Another significant trend is that marketplace functionality can vary greatly depending on the manufacturer’s size and scale.
A small manufacturer might only need core features like a digital product catalogue, order placement, and basic promotion setup. In contrast, a global brand could benefit from a more advanced suite (think of dynamic pricing, a rewards system, and 24/7 customer support).
Shift №2: From Templates to AI Personalization
An FMCG B2B eCommerce platform isn’t a static ordering tool. Not anymore. By implementing AI into a platform, brands ensure tailored promotions, personalized product recommendations, and customer-specific prices.
Picture this: a retailer logs into a B2B eCommerce platform in the middle of a busy day. Instantly, an AI assistant pops up, and not with a generic greeting, but with personalized suggestions: “You haven’t reordered SKU 124 in over 3 weeks. Based on your usual sell-through rate, you might be running low. Want to add it to your cart?”
This is not just automation. It’s proactive support. AI spots stock gaps before they become a problem, recommends the right products to reorder based on past trends, and answers FAQs without involving a support agent.
On the content side, it writes sharp product descriptions, updates promo banners across multiple regions in real time, and even tailors messaging based on buyer behavior.
Another area of AI adoption is financial services. For example, some marketplaces use ML algorithms to validate customers’ creditworthiness, allowing credit to be offered more widely and with lower risk.

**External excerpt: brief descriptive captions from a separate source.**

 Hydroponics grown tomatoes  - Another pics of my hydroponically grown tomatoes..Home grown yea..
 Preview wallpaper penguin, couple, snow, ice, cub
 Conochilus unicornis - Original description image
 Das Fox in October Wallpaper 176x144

Shift №3: From Limited Control to 100% In-Store Execution
The way FMCG Image Recognition solutions operate is also shifting, thanks to tighter integration with B2B eCommerce platforms.
Traditionally, sales reps would use a Territory Management tool to visit the right stores, scan the shelves using an Image Recognition solution on their devices, and then the data syncs with their Sales Force Automation for FMCG system. From there, the data could be used by other tools within their AI-Driven EcoSystem, such as Trade Promotion Management or Distributor Management systems. Image Recognition worked well in that setup, but still relied on physical visits.

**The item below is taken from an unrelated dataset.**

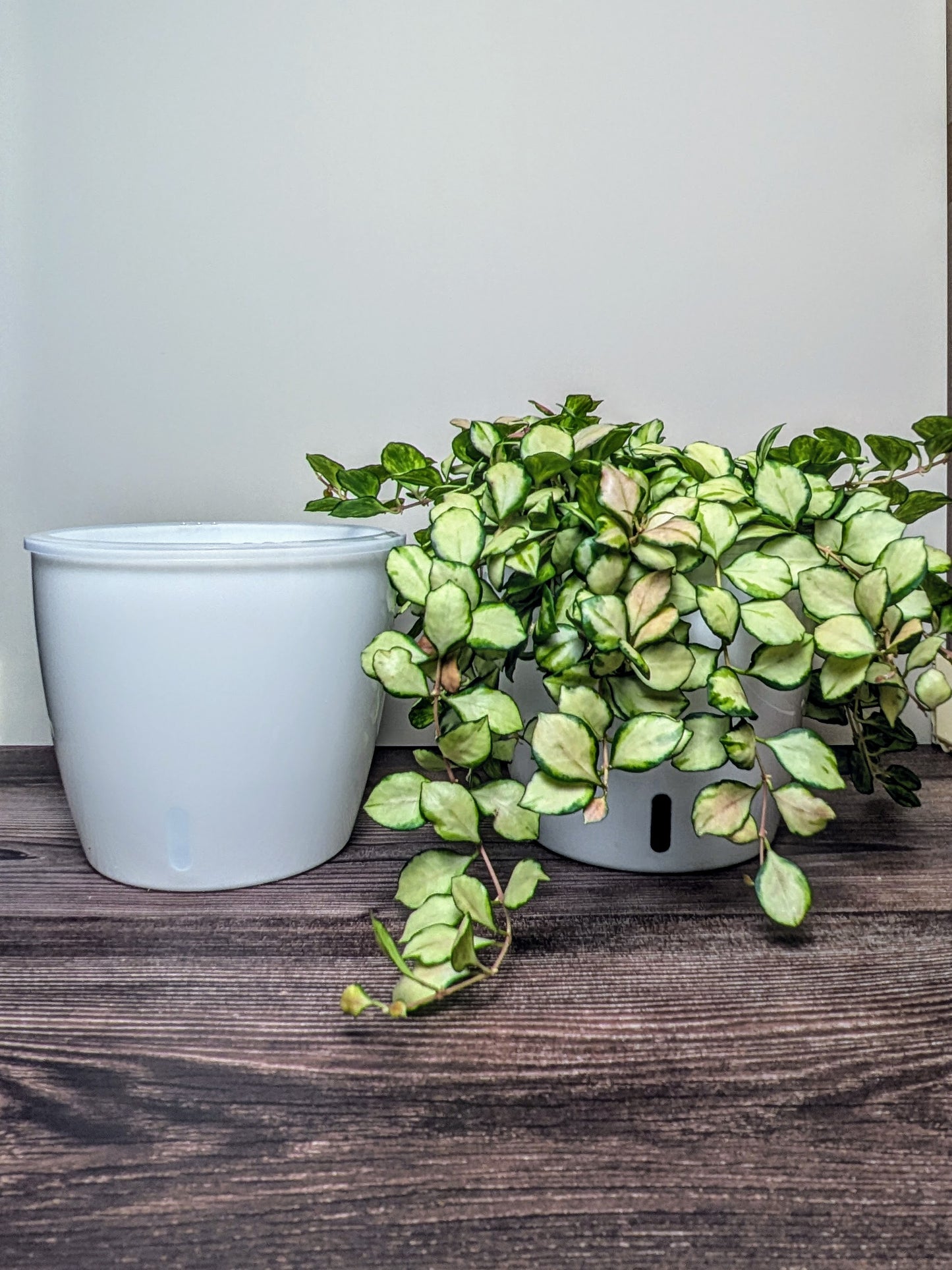 The Perfect Pot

Now that IoT has become routine and eCommerce platforms are more common, Image Recognition can function in a completely new way – remotely.

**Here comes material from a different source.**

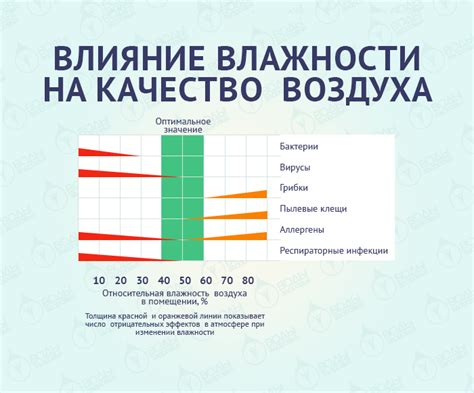  Плохая влажность в помещении: проблема для сна и здоровья растений 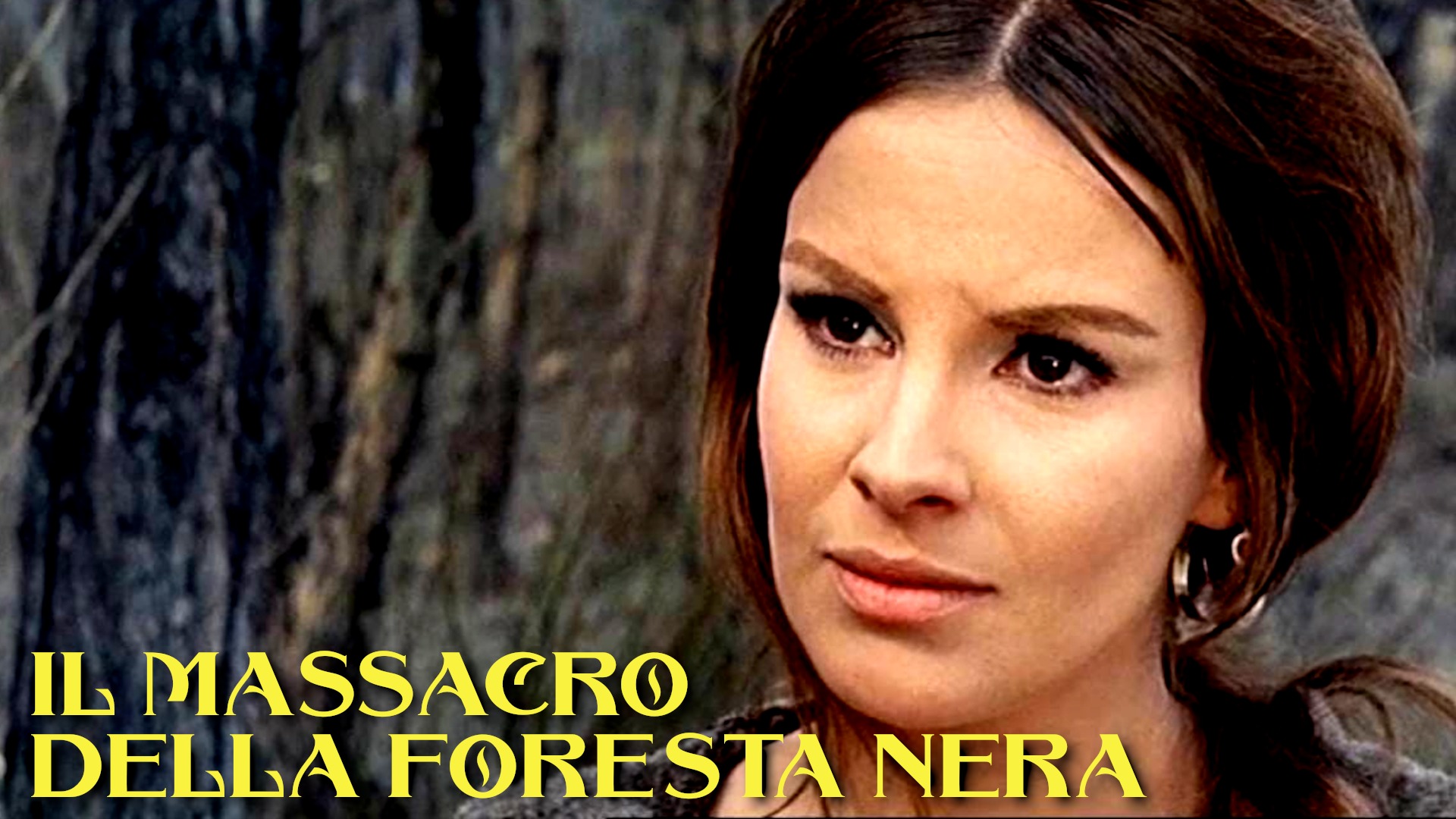 I Delitti Della Foresta Nera Streaming Ita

For example, instead of waiting for sales reps, store staff can perform their own shelf audits by simply capturing images with a mobile app. Those images are automatically transmitted from the Image Recognition solution to the eCommerce platform and then to the SFA. This way, insights like shelf share, out-of-stocks, and compliance issues are instantly fed into the brand’s internal systems.
This remote approach is a complete win-win: the manufacturer minimizes issues with retail execution and out-of-stock situations, while the retailer receives bonuses from the supplier for meeting the standards.
In another case, smart cameras, for example, installed in fridges or shelves, can take photos every few seconds. The IR analyzes these images in real time, identifying stock levels, misplaced items, or even competitor products. The results are seamlessly pushed to the eCommerce platform, triggering personalized alerts or auto-replenishment prompts.
Conclusion
Widespread use of B2B eCommerce platforms triggers some of the most critical shifts in the FMCG Route to Market.
The three shifts outlined here highlight a clear path forward: brand collaboration through marketplaces, improved personalization with AI, and automated in-store execution without countless visits.
Adapt these innovations early and you’ll streamline the FMCG Route to Market process, deepen customer partnerships, and unlock new revenue streams.